1. Security controls for safeguarding customer information;
2. Authentication processes necessary to initially verify the identity of new customers and
authenticate existing customers who access e-banking services;
3. Liability for unauthorized transactions;
4. Losses from fraud if the institution fails to verify the identity of individuals or
businesses applying for new accounts or credit on-line;
5. Possible violations of laws or regulations pertaining to consumer privacy, anti-money
laundering, anti-terrorism, or the content, timing, or delivery of required consumer
disclosures; and
6. Negative public perception, customer dissatisfaction, and potential liability resulting
from failure to process third-party payments as directed or within specified time frames,
lack of availability of on-line services, or unauthorized access to confidential customer
information during transmission or storage.
Some Frequently Used Terminologies in Electronic Banking
1. Automated Teller Machine (ATM)
An ATM card is a plastic card that looks like a credit card. It is a new concept in modern
banking, has already been introduced in Bangladesh to facilitate subscribers 24 hour cash
access through a plastic card. We can get cash, deposit money, check account balances,
and receive a copy of our statement--all electronically--by using ATM card and the

password to our account, which is called your Personal Identification Number, or PIN.
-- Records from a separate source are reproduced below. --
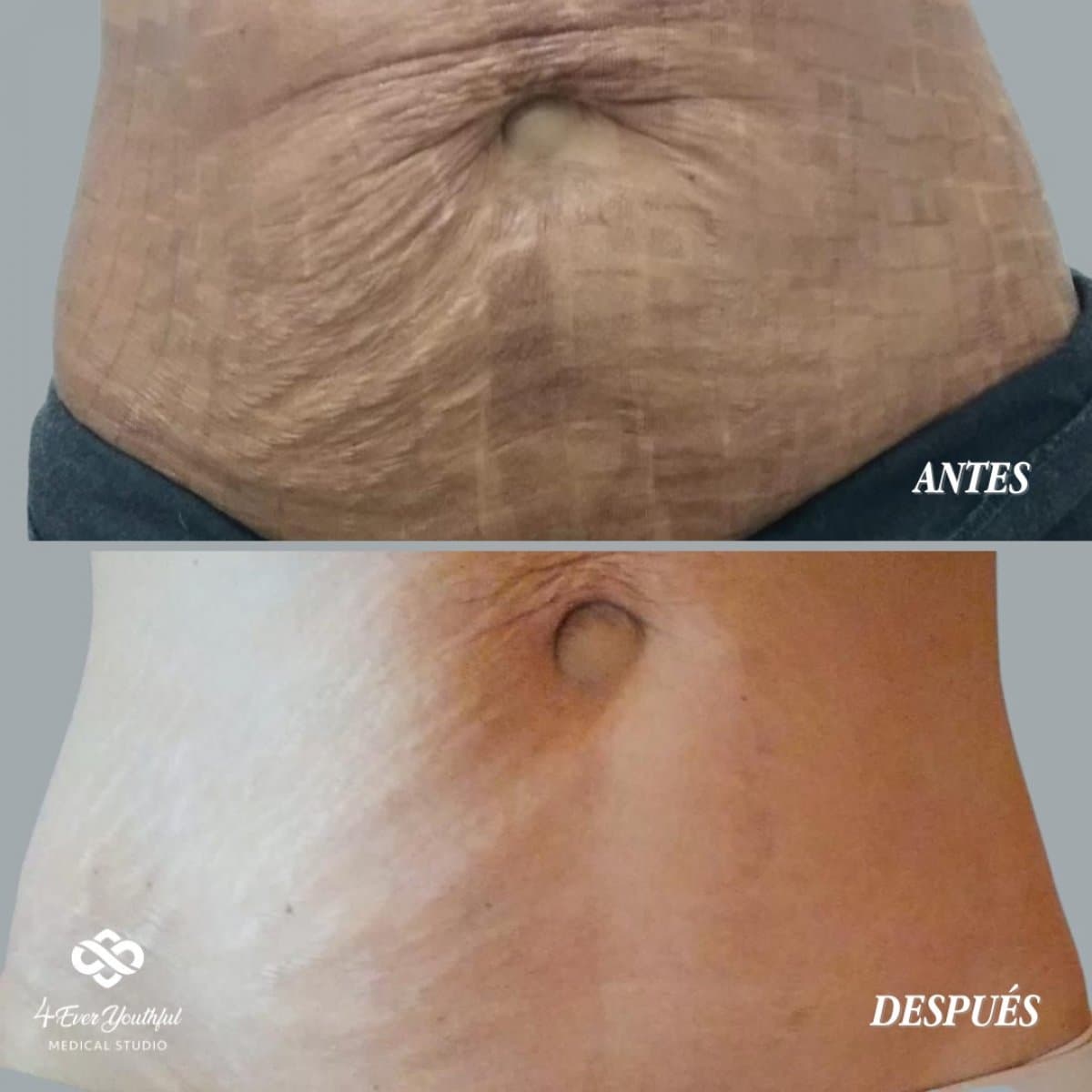 laser skin resurfacing
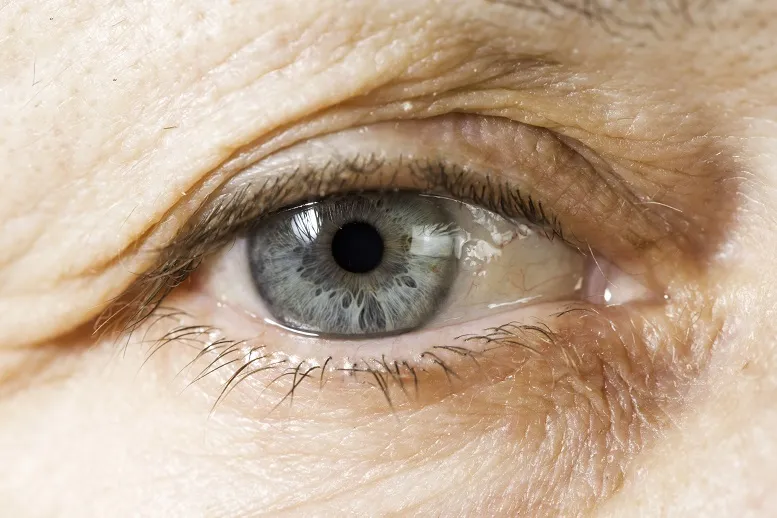 przyczyny zwyrodnienia plamki żółtej oka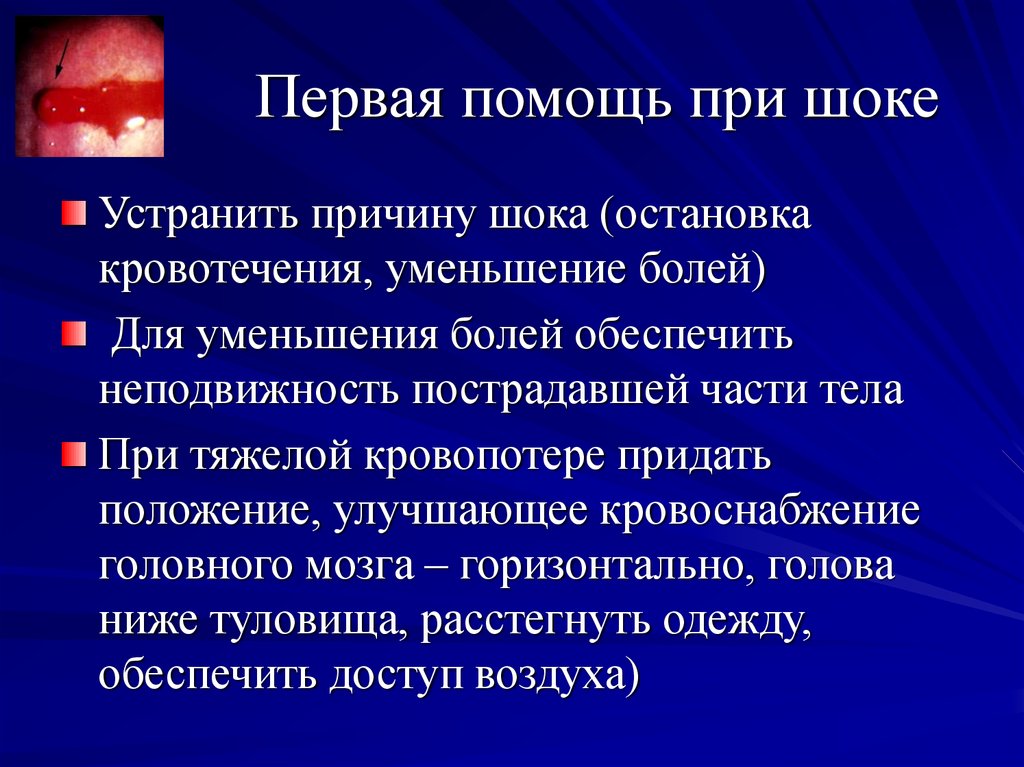 Первая медицинская помощь при анафилактическом шоке презентация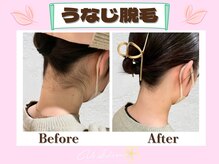 ヴィ シェーン(Vi Schoen)/うなじBefore／After【W型】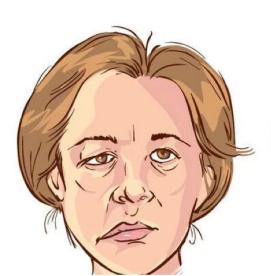 面瘫临床表现的科普视频,科普面瘫多久治疗效果最好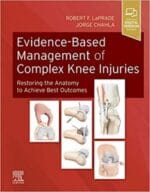 Evidence-Based Management of Complex Knee Injuries: Restoring the Anatomy to Achieve Best Outcomes 1st Edition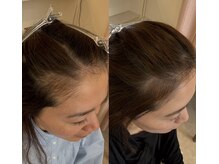 リベルテ(Liberte)/プロセル頭皮トリートメント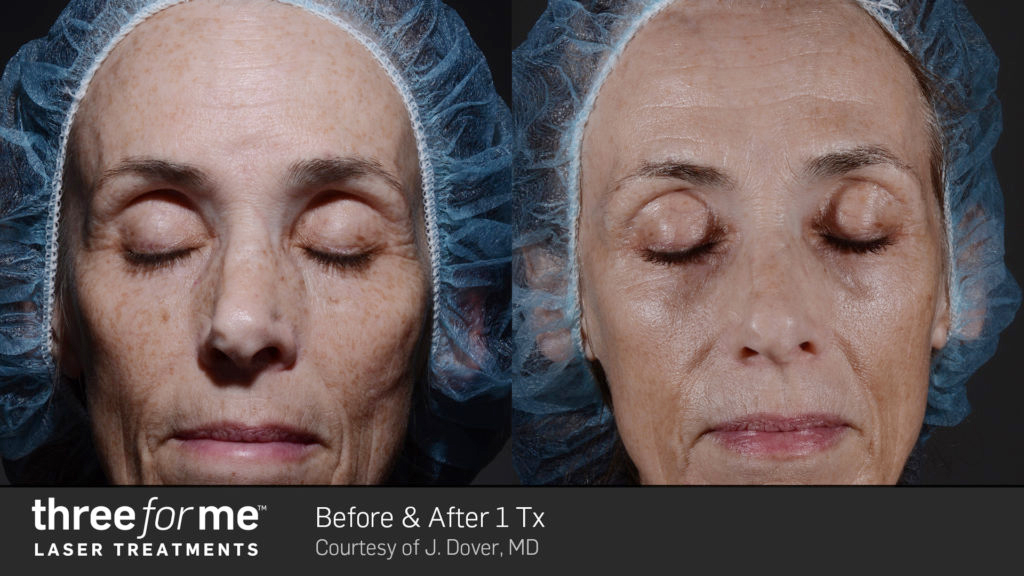 ThreeForMe-before-and-after-treatment5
The objectives of using ATM are accelerating profit through gradually reducing internal
or operational costs, expanding the market for the concerned bank, providing world class
banking services to its customers and finally ensuring error free banking services.
2. Debit Card
A debit card, or check card is an ATM card plus. It can do all an ATM card can do and
more. Having all other benefits of ATM card, it can also be used to buys things anywhere
credit cards are accepted. The amount we can spend is limited by the amount in our bank
account. When we use it to buy something, the store contacts our bank electronically and
automatically deducts the purchase amount from our account. Debit cards are accepted
everywhere that credit cards are accepted, which makes them much more convenient than
regular ATM cards. The benefits of having debit card are it can be used as an ATM, can
be used to buy things, possible to avoid extra charges, and finally it is safer than cash as
well as a credit card.
3. Credit Card
The concept of credit cards revolves around deferred payments - the ability to purchase
products and services today and actually pay for it at a later time or over a period of time.
4. Home Banking
Home banking frees customers from visiting branches. Under Home banking, most
transactions are automated to enable them to check their account activities, transfer fund
and to open Letter of Credit (L/C) sitting their own desk with the help of a PC and a
telephone. Nowadays customers of some of the foreign banks are getting the facilities of
Home banking.
5. Tele Banking
Tele Banking allows customers to get access to their respective banking information 24
hours a day. Subscribers can update themselves by making a phone call. They can
transfer any amount of deposit to other accounts irrespective of location either from home
or office.
6. SWIFT
SWIFT is a bank owned non-profit co-operative servicing the financial community
worldwide. SWIFT is a highly secured messaging network that enables banks to send and
receive Fund Transfer, L/C related matter and other free format messages to and from any
banks active in the network. Having SWIFT facility, Commercial Banks in Bangladesh
are able to serve its customers more profitably by providing L/C, Payment and other
messages efficiently and with utmost security. In particular, it provides a great help for
the bank clients dealing with Imports, Exports and Remittances etc.